The objective of the game is an exhausting, disintegrating environment rigged against the crew members. Perhaps the most infuriating part comes not as a crew member, but as a murdered ghost, flying around the spacecraft to complete your tasks. You watch crew members discuss at the meeting table, unable to scream at them who the true impostors are, as they vote out another innocent player. The tension this deception capitalizes on reaches its most infuriating, posthumous peak when Armageddon ultimately crashes: the penultimate crew member is thrown out of the airlock, leaving the impostors victorious. Death is no release from the chaos of the spacecraft: in fact, it is another kind of isolation that forces you to watch faith between your crew members disintegrate. It’s torturous, and for lack of a better phrase, a metaphor for 2020 at best.
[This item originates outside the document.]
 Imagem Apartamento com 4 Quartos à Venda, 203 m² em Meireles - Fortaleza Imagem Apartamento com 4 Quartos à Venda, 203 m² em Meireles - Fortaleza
This isn’t to suck the fun out of Among Us—I’ve pulled all-nighters playing this for a reason. Seeing the self-destructive capabilities of the crew members is highly entertaining, and every wrong vote is a giddy guarantee that the impostor lives to see another murder spree. The best games I’ve played are a showdown between the last three avatars standing, a gamble of paranoid guessing with a sliver of hope that crew members might win, an exhilarating climax I, and many others, chase every game. With a fantastic player in the impostor role, we can recreate a fun, chaotic gameplay of bad faith actors, trolls, and a community of casual gamers. After the game ends, regardless of outcome, we return to the lobby to congratulate a successful impostor, share each other’s socials, and join Discord calls to babble about how stupid our logic was when Red was “lowkey sus” but no one acted on it. Among Us capitalizes on tension and disaster but offers a time to unravel with newfound peers. Sure, I might be salty at my friend who voted incorrectly when we depended on her, but the bitterness dissolves instantly after a “gg.” That’s the final framework that appeals to Among Us gamers: yes, the avatars exist within an Armageddon-like nightmare, but at the end of the day, we find ourselves coming back to this game because it’s like we’re at home, catching up with old friends when the world has returned to its normal state.
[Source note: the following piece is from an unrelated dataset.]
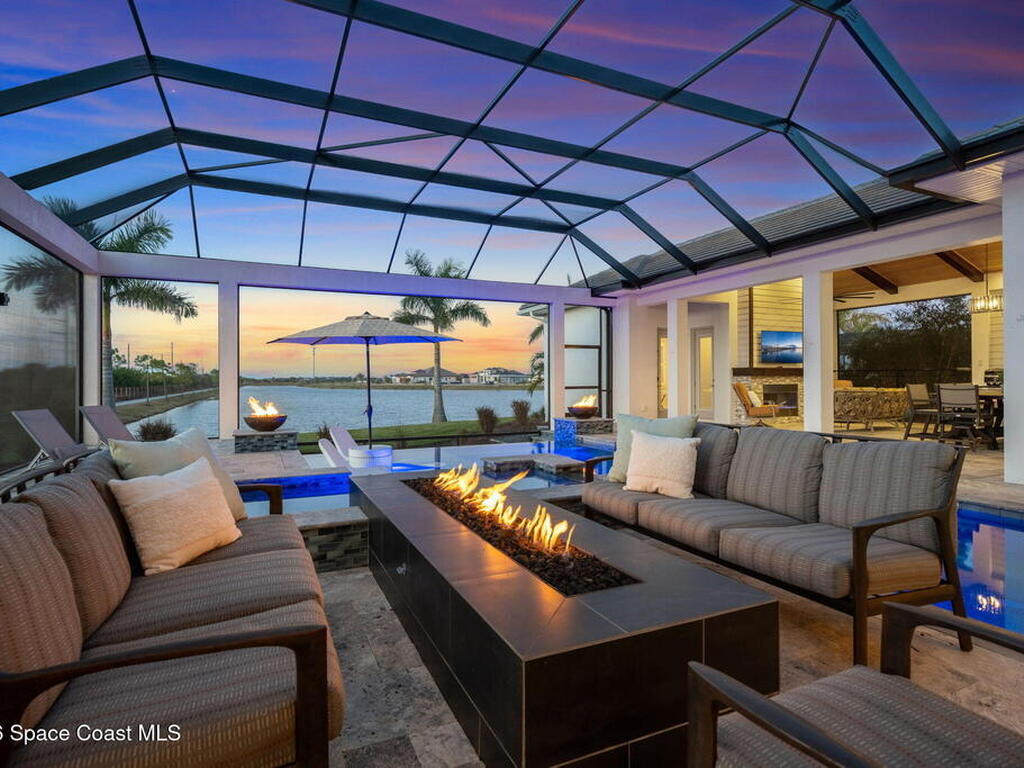 3778 Lake Adelaide Place, Rockledge, FL 32955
Among Us developers promised updates to the game: friends lists, a new map, more colors. I’m excited to say that I will eagerly await these updates. Until then, I will be fucking up my “Swipe Admin Card” task in The Skeld to the annoying, diegetic beeps. 9/10, InnerSloth.
Among Us is available for purchase on Steam ($4.99), and free in the App Store and Google Play for mobile. I encourage you to actually legally purchase or download this game: support indie gaming companies.